[Opening Supplied data section]

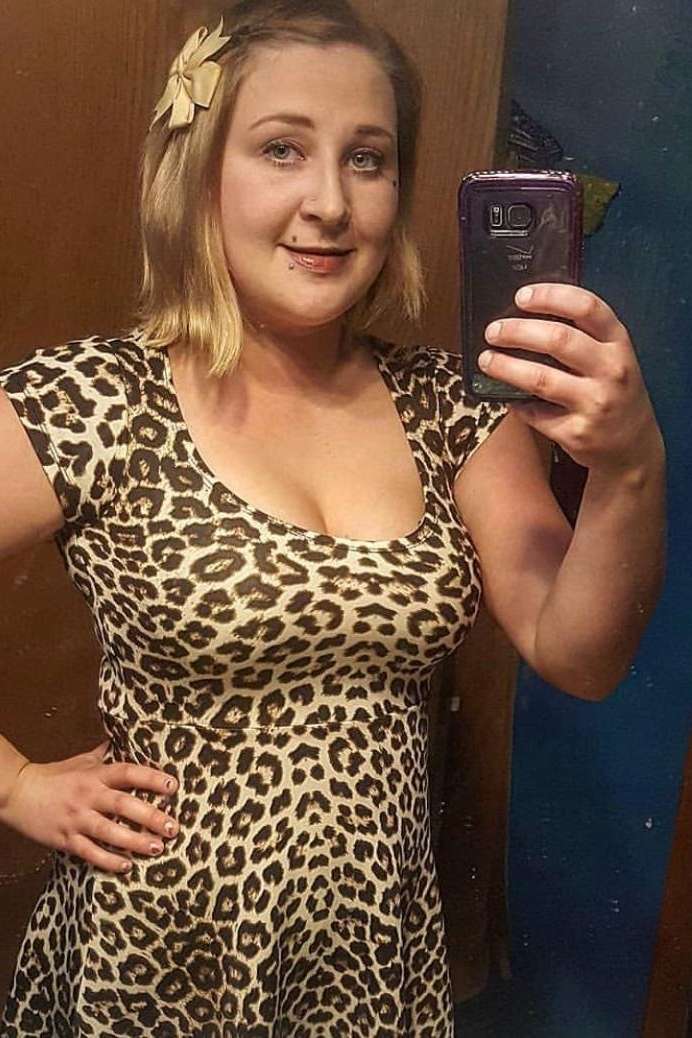 90223430 4704 medium large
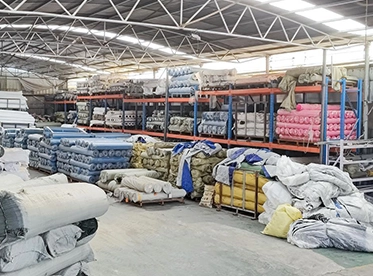 29 anni di esperienza nel commercio estero: Tangshan Pengcheng Outdoor: dalla fabbrica agli specialisti globali nella personalizzazione delle tende 29 anni di esperienza nel commercio estero: Tangshan Pengcheng Outdoor: dalla fabbrica agli specialisti globali nella personalizzazione delle tende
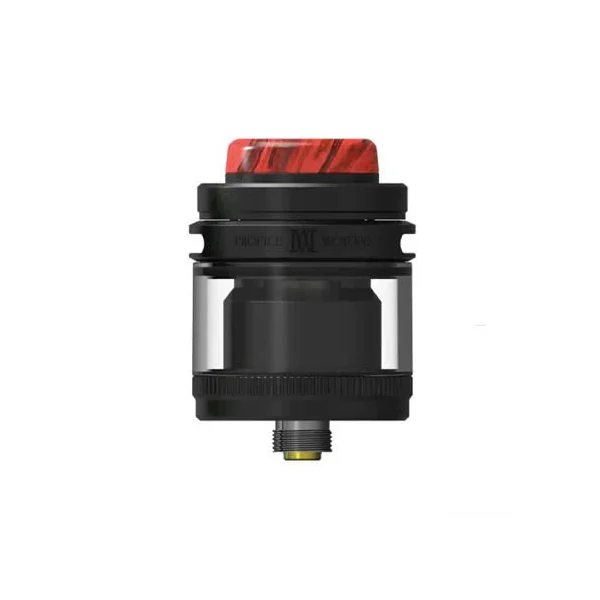 Wotofo Profile M RTA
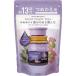  earth производства лекарство a-yuru время gdo Night tei.... для 520g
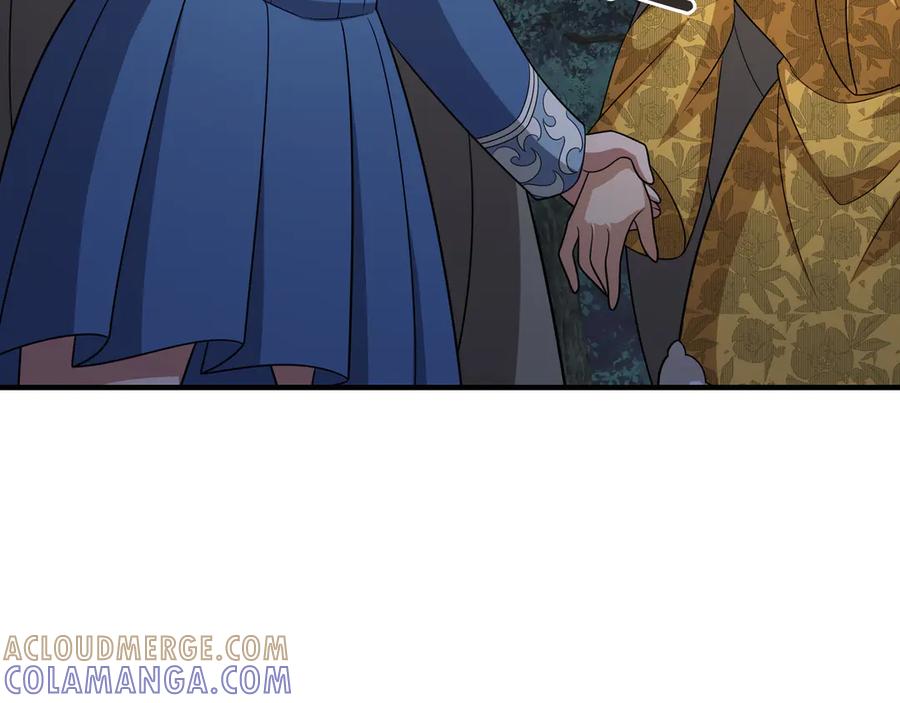 《被嘲笑的魔王，靠抽奖开无双》第36话 不是间谍 第113页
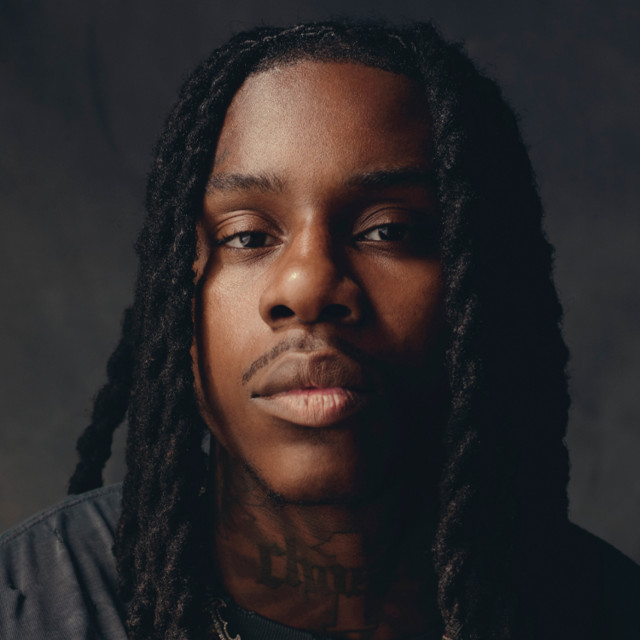 Best rappers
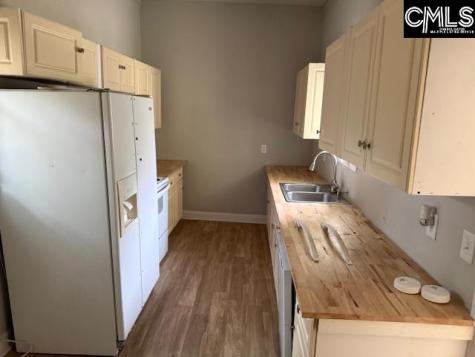 1108 Tree Street Columbia SC 29205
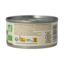 Paté de champiñones bio 125 gramos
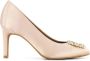 Graceland pumps lichtroze - Thumbnail 3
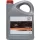 Motorolaj – Toyota Premium Economy – 5W30 – 5 liter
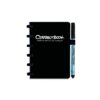 CorrectBook A6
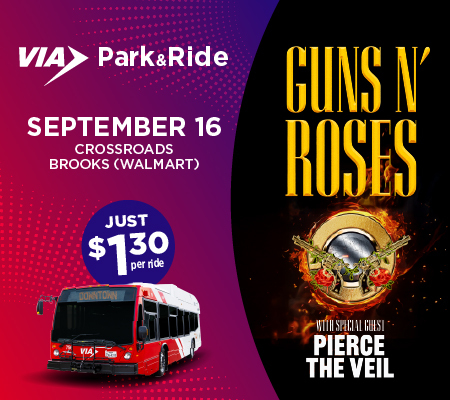 GNR_Web Banners V1-2_450x400-05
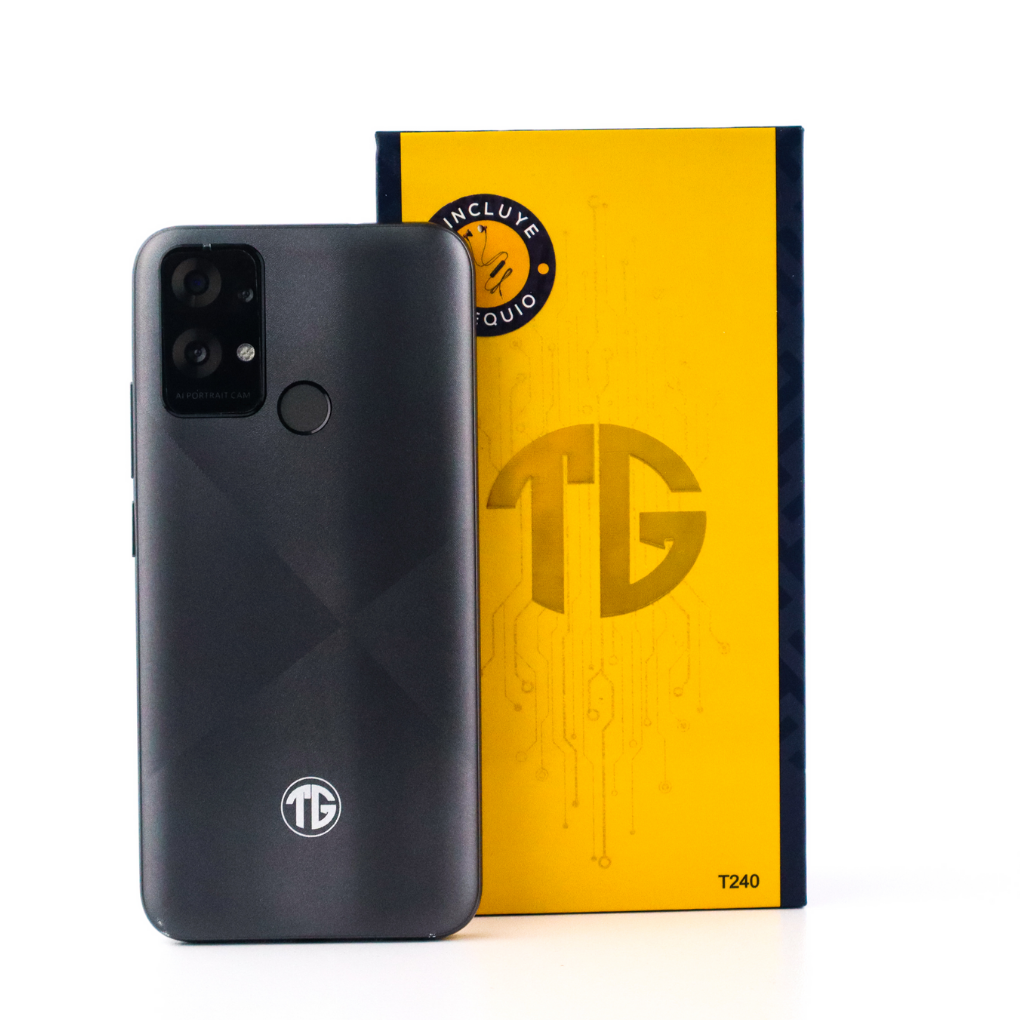 gid://shopify/MediaImage/25388453953654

[Closing Supplied data section]

* **Exercise brief**:
Copy out each record word for word and omit any pictures.

* **Answer**:
 90223430 4704 medium large
 29 anni di esperienza nel commercio estero: Tangshan Pengcheng Outdoor: dalla fabbrica agli specialisti globali nella personalizzazione delle tende 29 anni di esperienza nel commercio estero: Tangshan Pengcheng Outdoor: dalla fabbrica agli specialisti globali nella personalizzazione delle tende
 Wotofo Profile M RTA
  earth производства лекарство a-yuru время gdo Night tei.... для 520g
 《被嘲笑的魔王，靠抽奖开无双》第36话 不是间谍 第113页
 Best rappers
 1108 Tree Street Columbia SC 29205
 Paté de champiñones bio 125 gramos
 Graceland pumps lichtroze - Thumbnail 3
 Motorolaj – Toyota Premium Economy – 5W30 – 5 liter
 CorrectBook A6
 GNR_Web Banners V1-2_450x400-05
 gid://shopify/MediaImage/25388453953654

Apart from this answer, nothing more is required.